:: Dataset
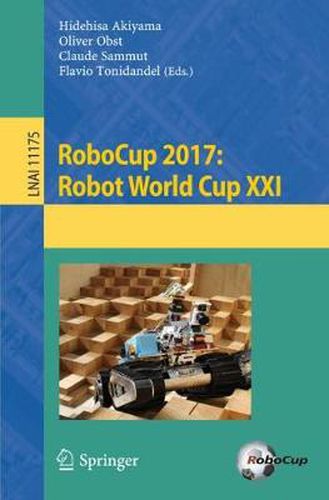 Cover image for RoboCup 2017: Robot World Cup XXI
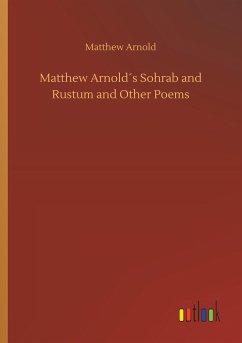 Matthew Arnold´s Sohrab and Rustum and Other Poems - Arnold, Matthew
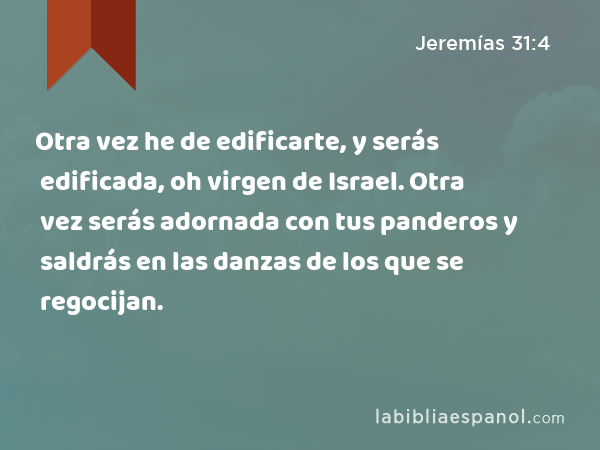 Otra vez he de edificarte, y serás edificada, oh virgen de Israel. Otra vez serás adornada con tus panderos y saldrás en las danzas de los que se regocijan. - Jeremías 31:4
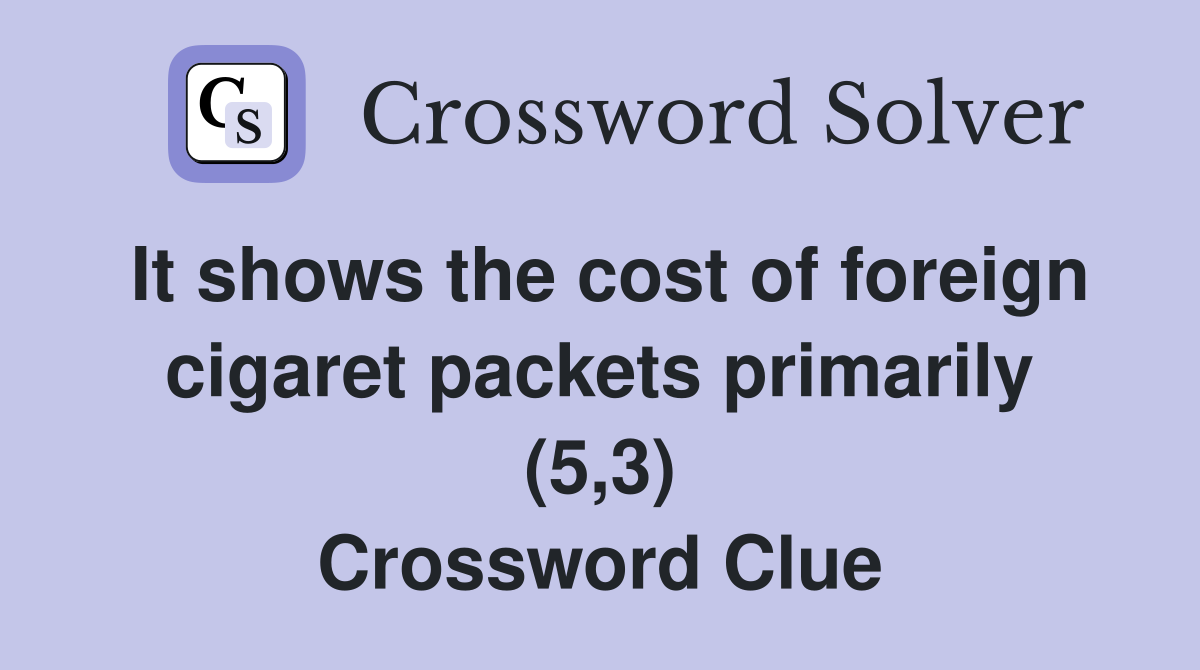 It shows the cost of foreign cigaret packets primarily (5,3) Crossword Clue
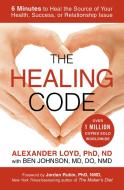 The Healing Code di Alexander Loyd edito da Hachette Book Group USA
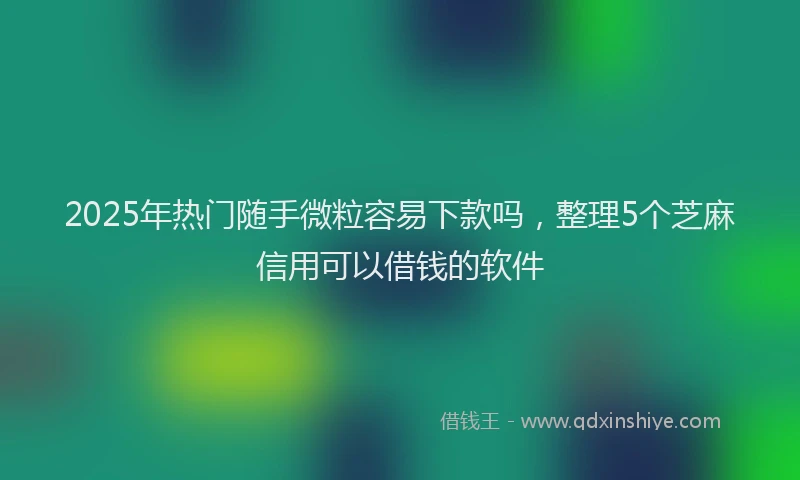 2025年热门随手微粒容易下款吗，整理5个芝麻信用可以借钱的软件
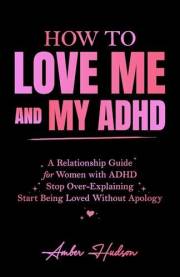 How to Love Me and My ADHD: A Relationship Guide for Women with ADHD to Stop Over-Explaining and Start Being Loved Without Ap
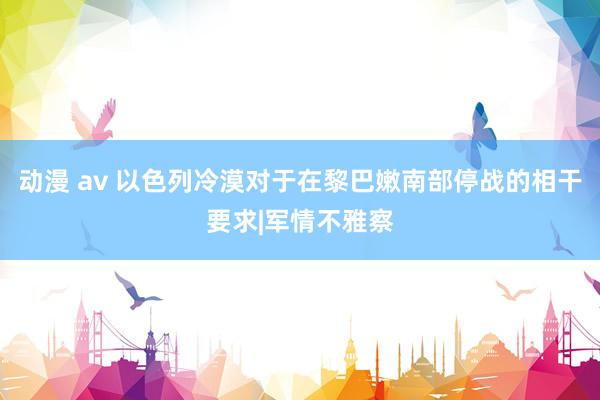 动漫 av 以色列冷漠对于在黎巴嫩南部停战的相干要求|军情不雅察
::::
Requirement
Everything above from the line that has "Otra vez he" down to the line that has "2025年热门随手微粒容易下款吗，整理5个芝麻信用可以借钱的软件" should be output exactly, with both of those lines included. Leave the pictures behind.

Task answer
 Otra vez he de edificarte, y serás edificada, oh virgen de Israel. Otra vez serás adornada con tus panderos y saldrás en las danzas de los que se regocijan. - Jeremías 31:4
 It shows the cost of foreign cigaret packets primarily (5,3) Crossword Clue
 The Healing Code di Alexander Loyd edito da Hachette Book Group USA
 2025年热门随手微粒容易下款吗，整理5个芝麻信用可以借钱的软件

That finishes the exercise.